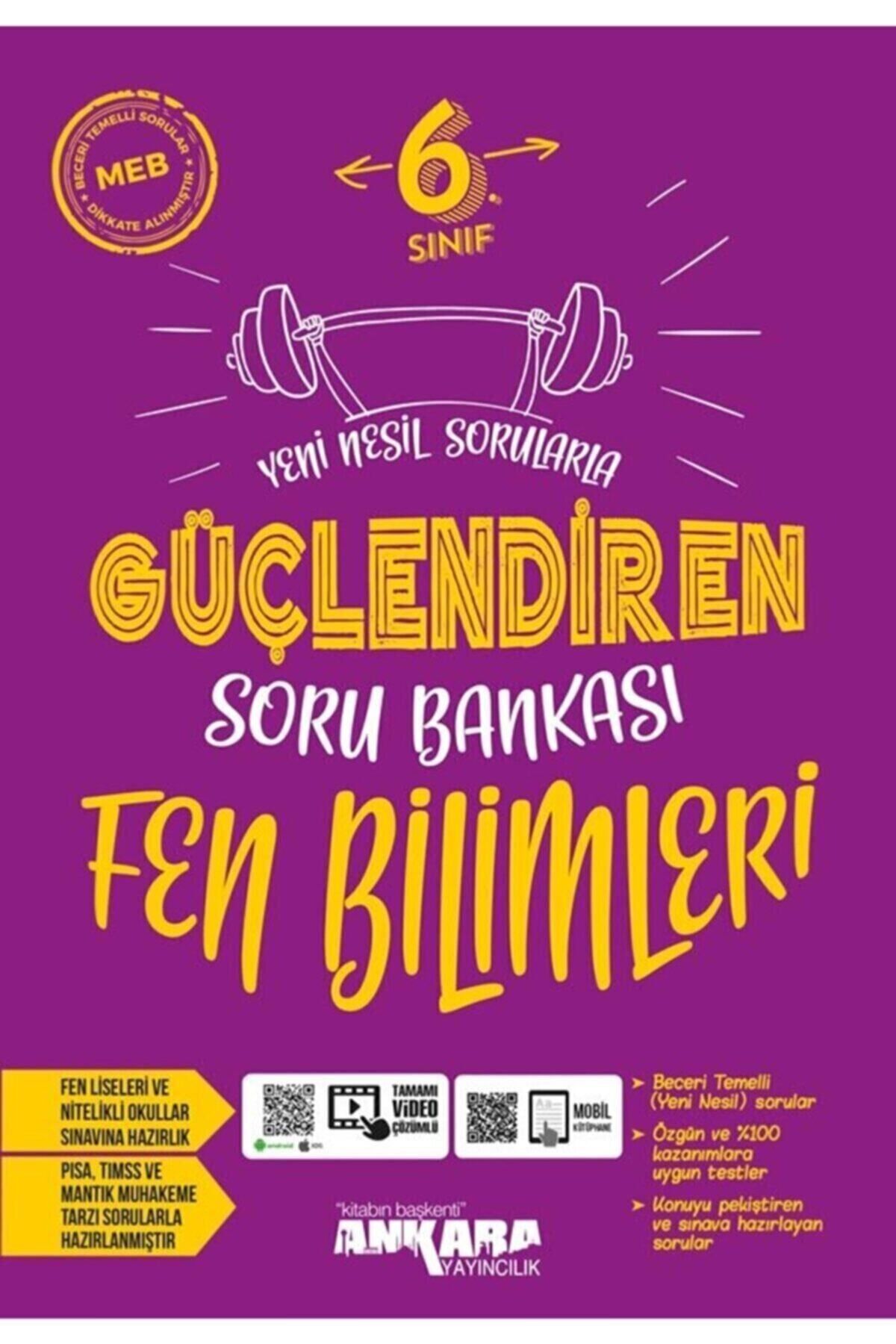 Kırtasiye seti ve Güncel 7.Sınıf Fen Bilimleri Yeni Nesil Sorularla Güçlendiren Soru Bankası Kırtasiye seti ve Güncel 7.Sınıf Fen Bilimleri Yeni Nesil Sorularla Güçlendiren Soru Bankası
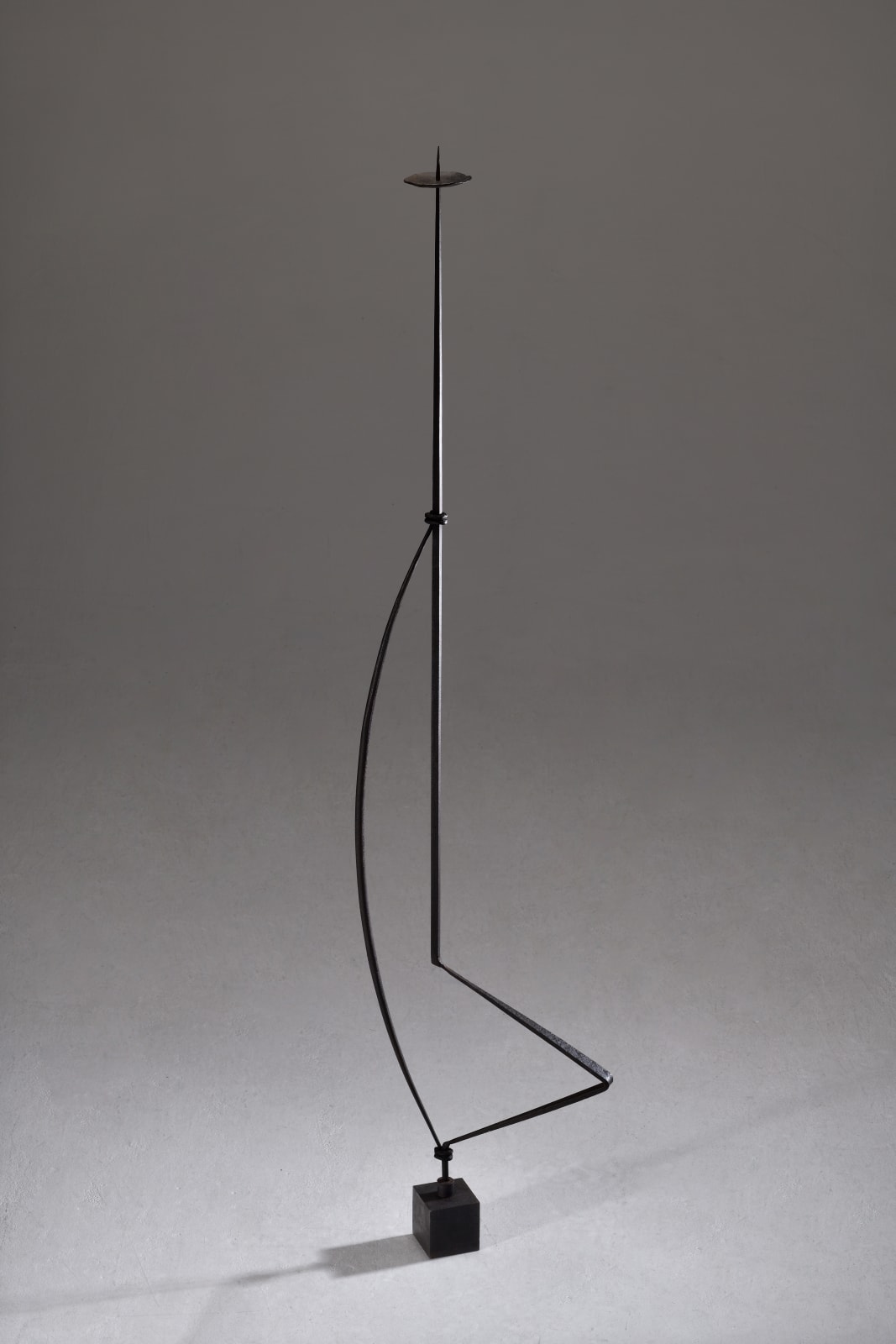 Hajime and Yasuo Ishikura, (E) Candle Stand, 2022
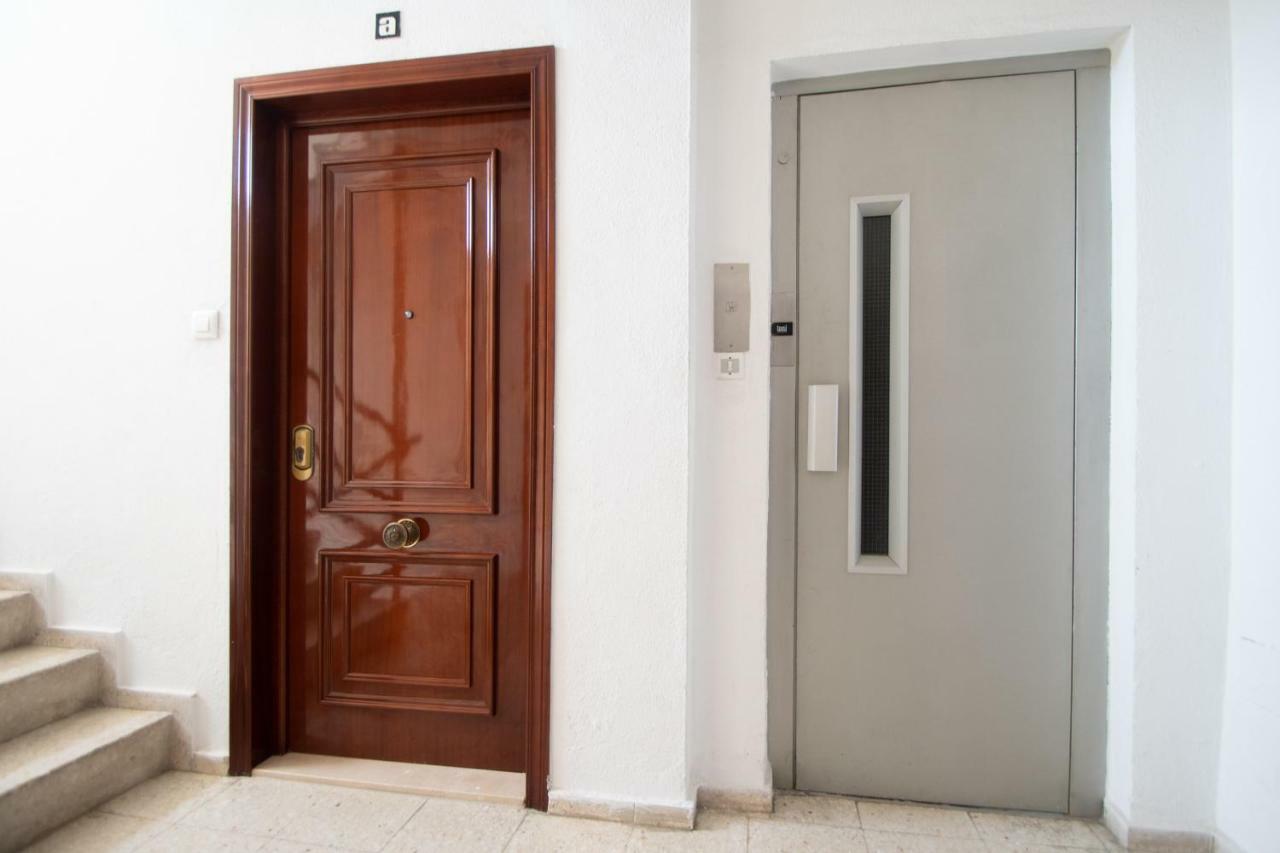 Apartamento Paseo Maritimo 27 Cadiz Ngoại thất bức ảnh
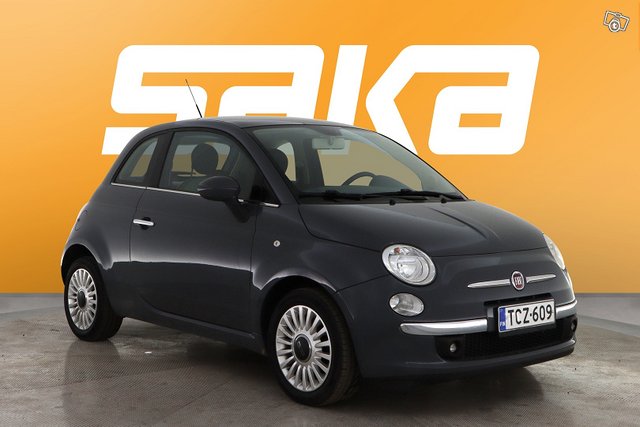 Fiat 500, kuva 1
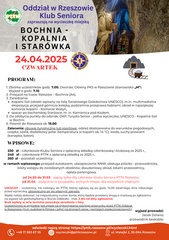2025-04-26 Bochnia kopalnia i starówka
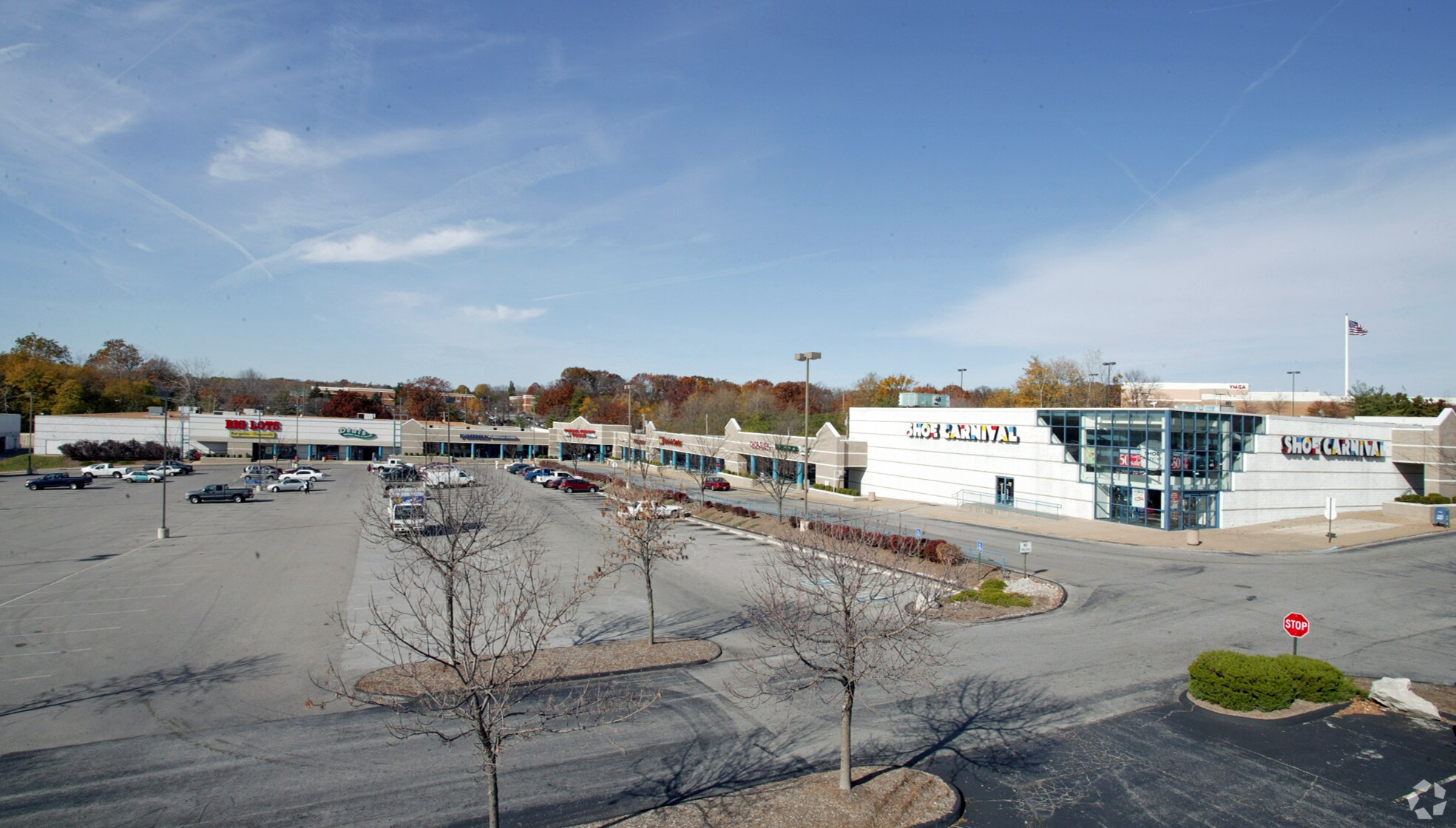 10801-10865 W Florissant Ave, Ferguson, MO à louer Photo principale– Image 1 sur 6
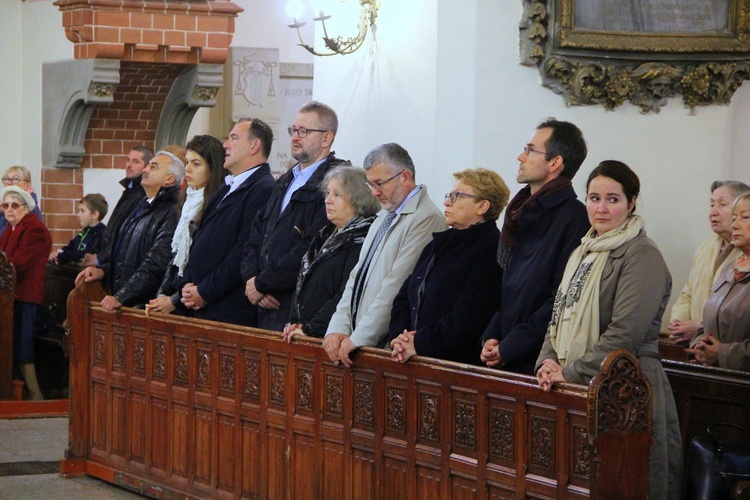 Odsłonięcie polsko-węgierskiej tablicy pamiątkowej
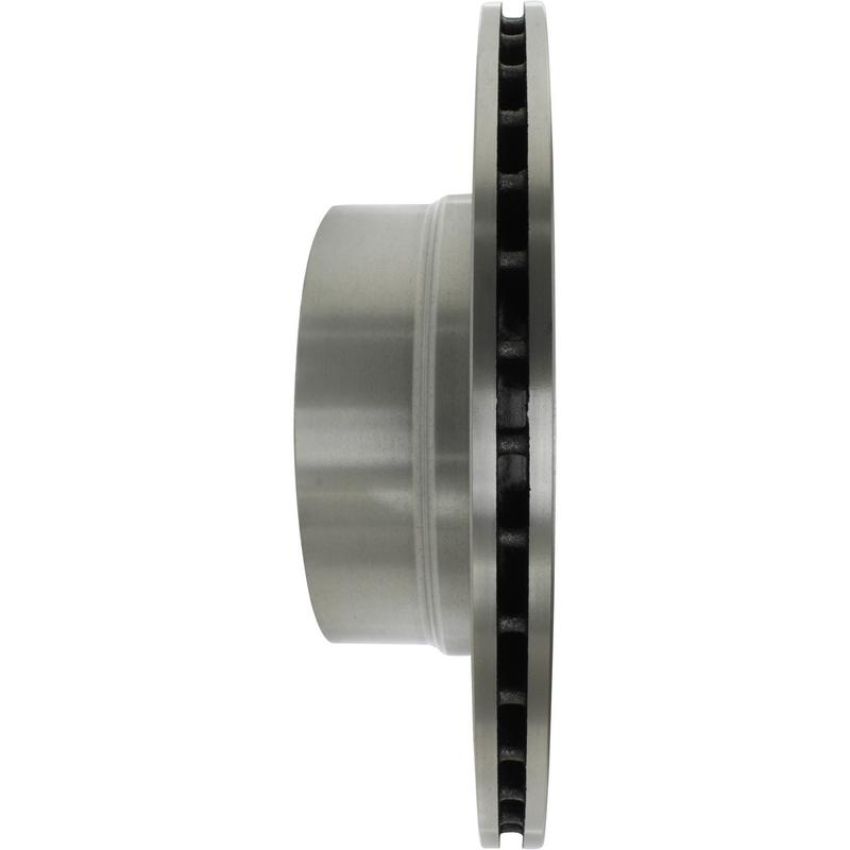 CENTRIC PARTS 121.34107 C-Tek Standard Brake Rotor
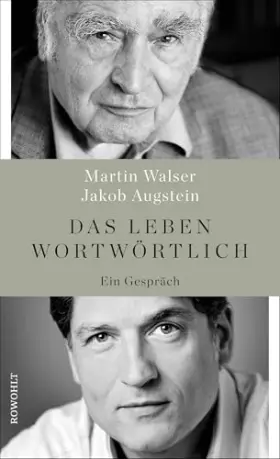 Couverture du produit · Das Leben wortwörtlich: Ein Gespräch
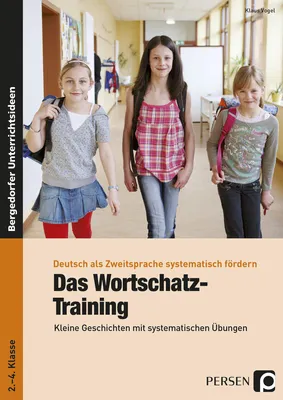 Produktbild von Das Wortschatz-Training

Required work => From the line with "CENTRIC PARTS 121.34107" down to the last line of the records above, restate each line verbatim, passing over any picture.

Written response =>
 CENTRIC PARTS 121.34107 C-Tek Standard Brake Rotor
 Couverture du produit · Das Leben wortwörtlich: Ein Gespräch
 Produktbild von Das Wortschatz-Training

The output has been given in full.